◆ **What needs to be done**:
Could you set down the lines from the first line of the entries below through the line with "Dove arrivano i", exactly and with no pictures?

━━━━━ Records for the task

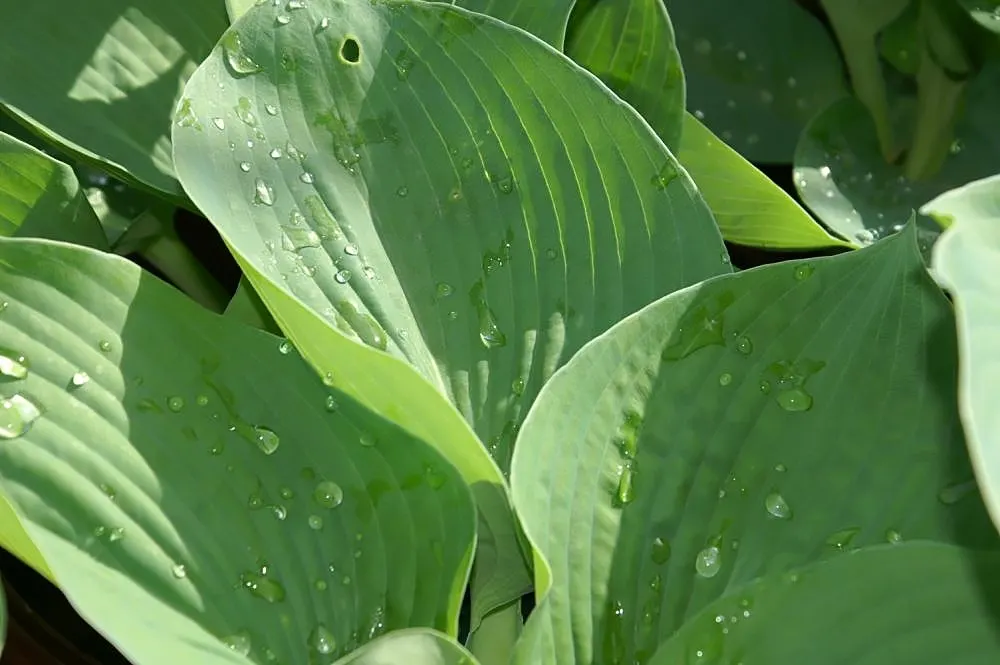 Elegans Siebold Hosta (Hosta Sieboldiana 'Elegans') — Its summer bloom features white bell-shaped flowers on 3-foot stalks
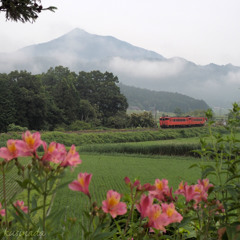 6月のある朝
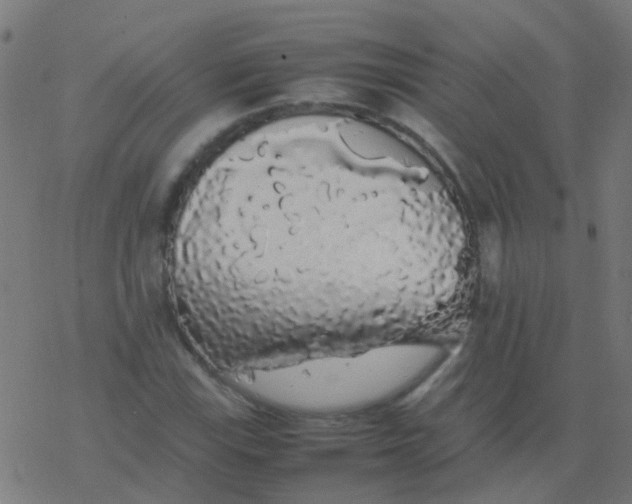 X0000077381115200611101722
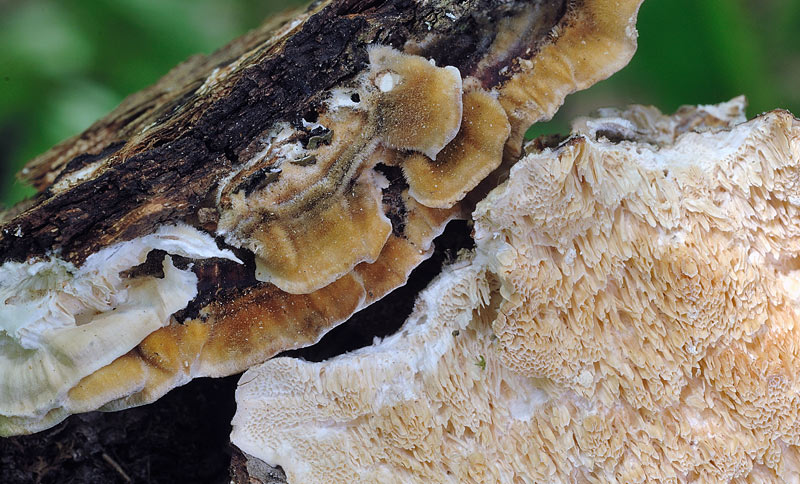 Dove arrivano i lignicoli? - foto 0886 (Trametes sp.)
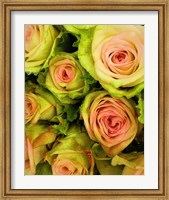 Green & Pink Rose Bouquet Fine Art Print
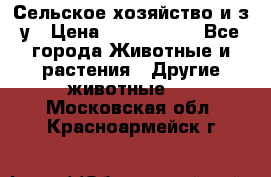 Сельское хозяйство и з/у › Цена ­ 2 500 000 - Все города Животные и растения » Другие животные   . Московская обл.,Красноармейск г.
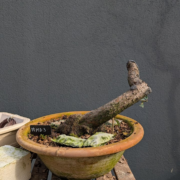 #MD0003 latest image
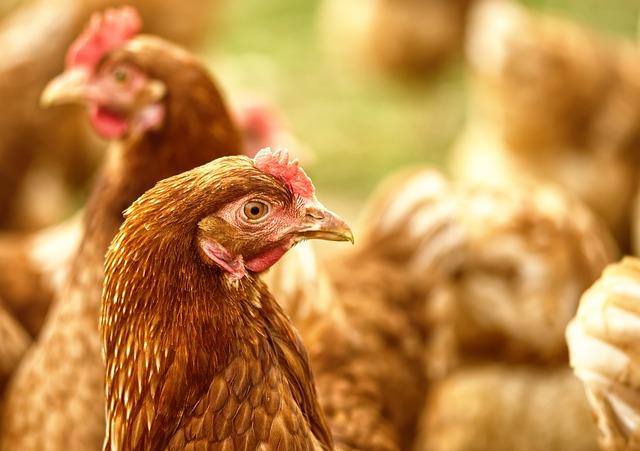 Exploring‍ the Impact of Free Chicken Programs on ‌Local Communities
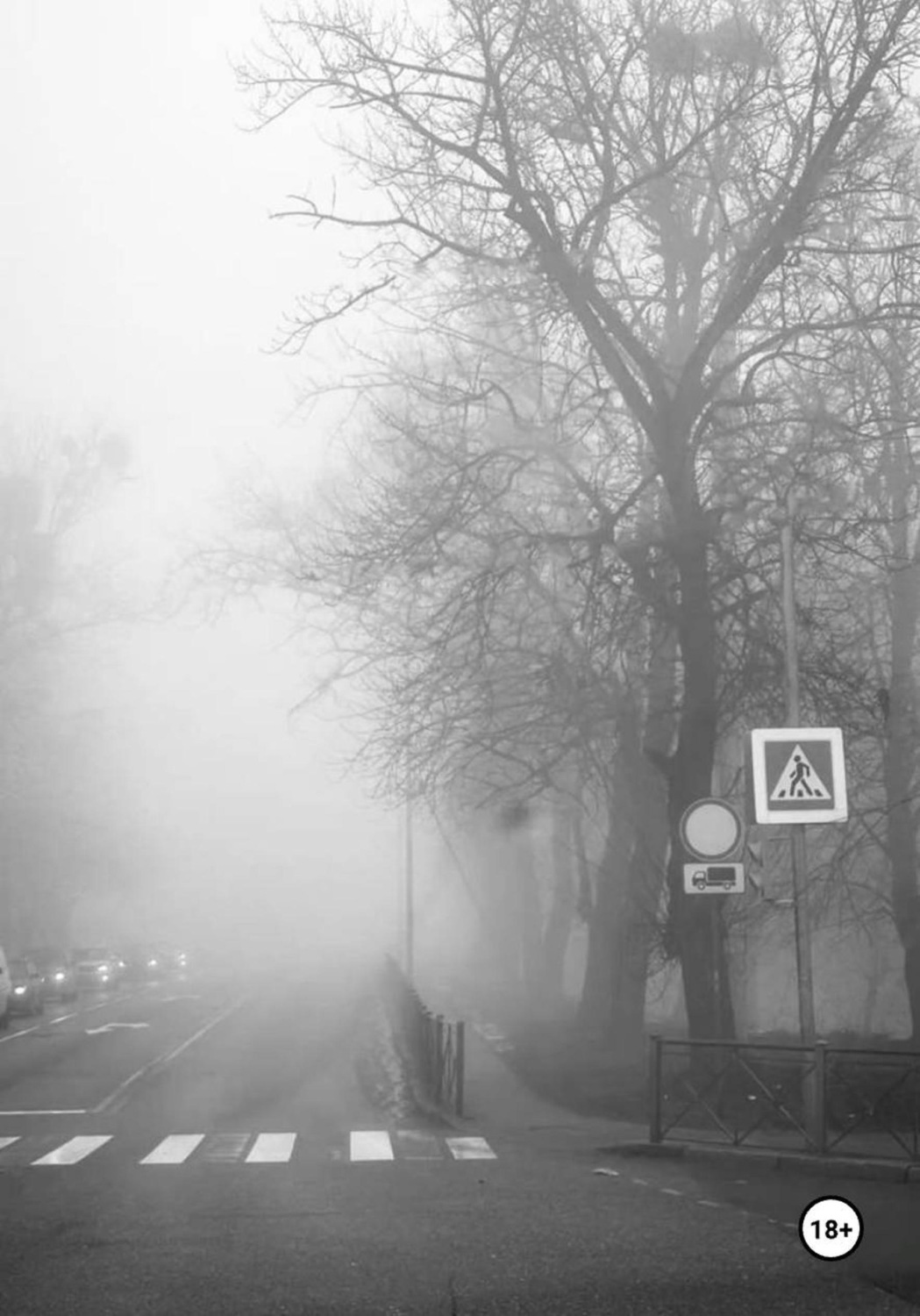 Обложка книги «Окозавшись' в _тумане.»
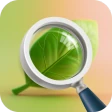 Cuidado de plantas icon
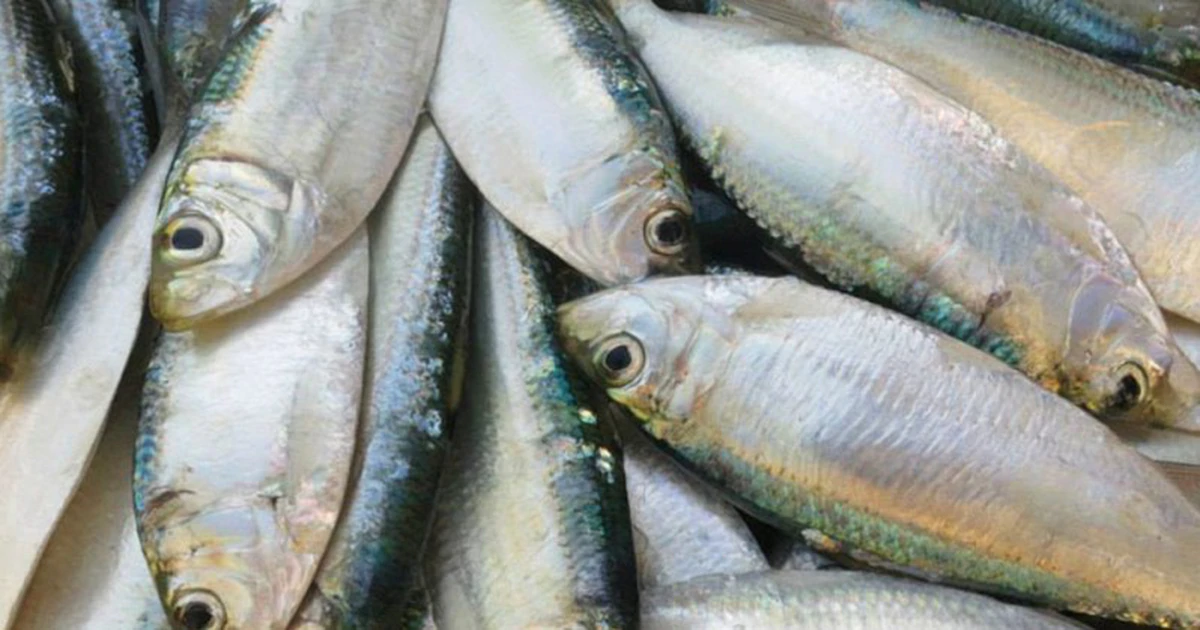 Cá mòi, cá nục, cá cơm: lựa chọn omega-3 bình dân thay thế cá hồi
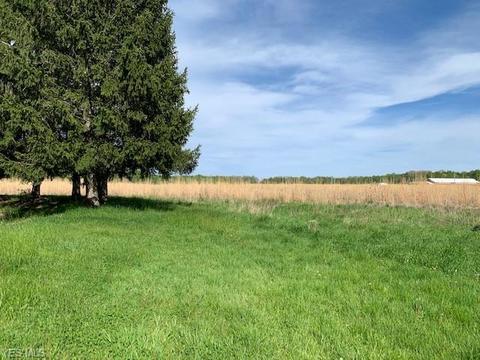 3242 Pinney Topper Rd, Ashtabula, OH 44004 photo 8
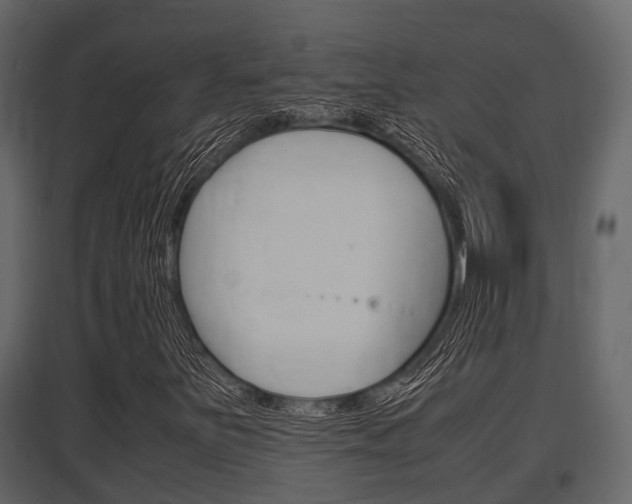 X0000097801251200803140728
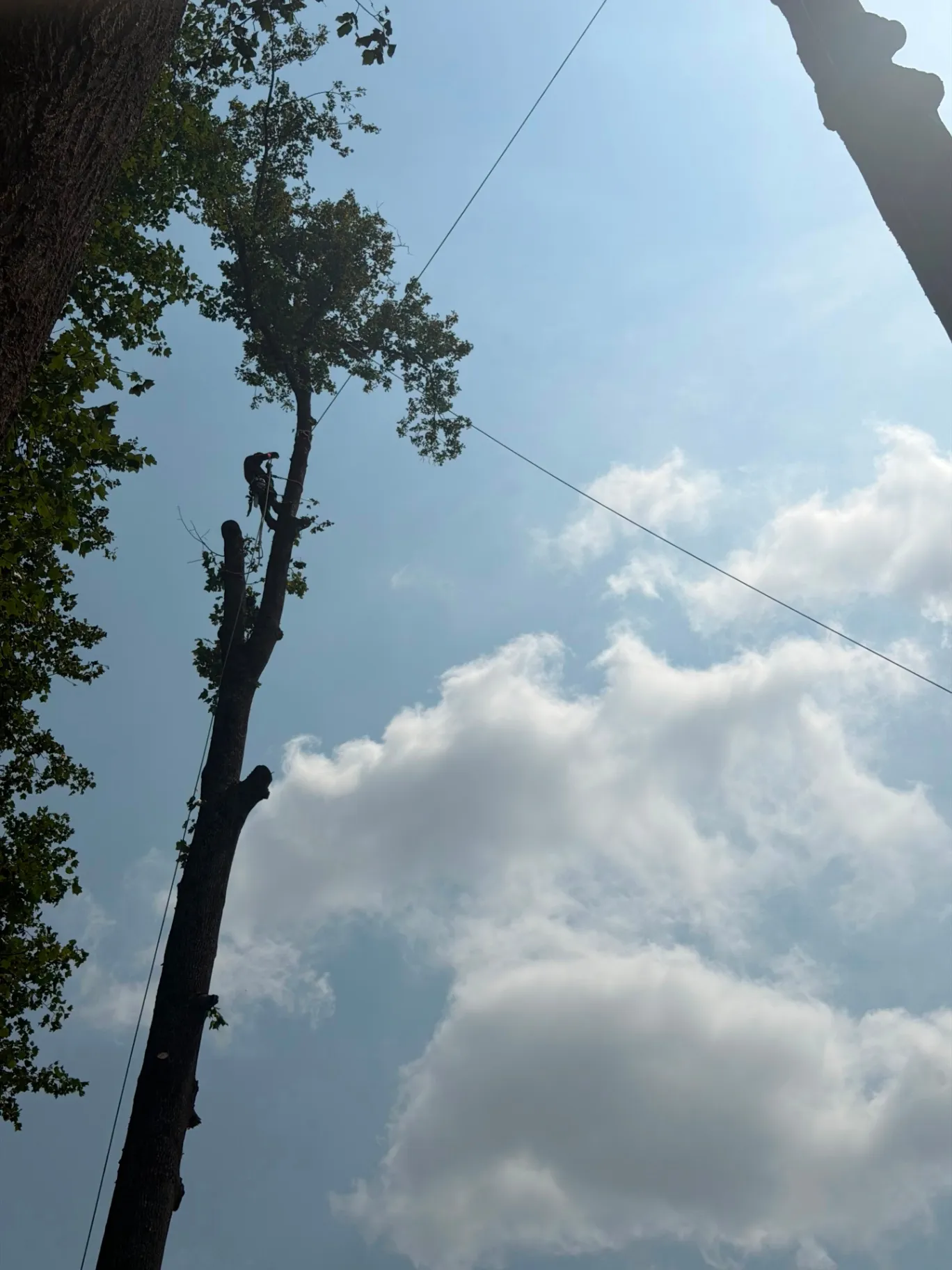 ALY Tree Services & Landscaping 3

━━━━━━━━━━

◆ **Answer to this task**:
 Elegans Siebold Hosta (Hosta Sieboldiana 'Elegans') — Its summer bloom features white bell-shaped flowers on 3-foot stalks
 6月のある朝
 X0000077381115200611101722
 Dove arrivano i lignicoli? - foto 0886 (Trametes sp.)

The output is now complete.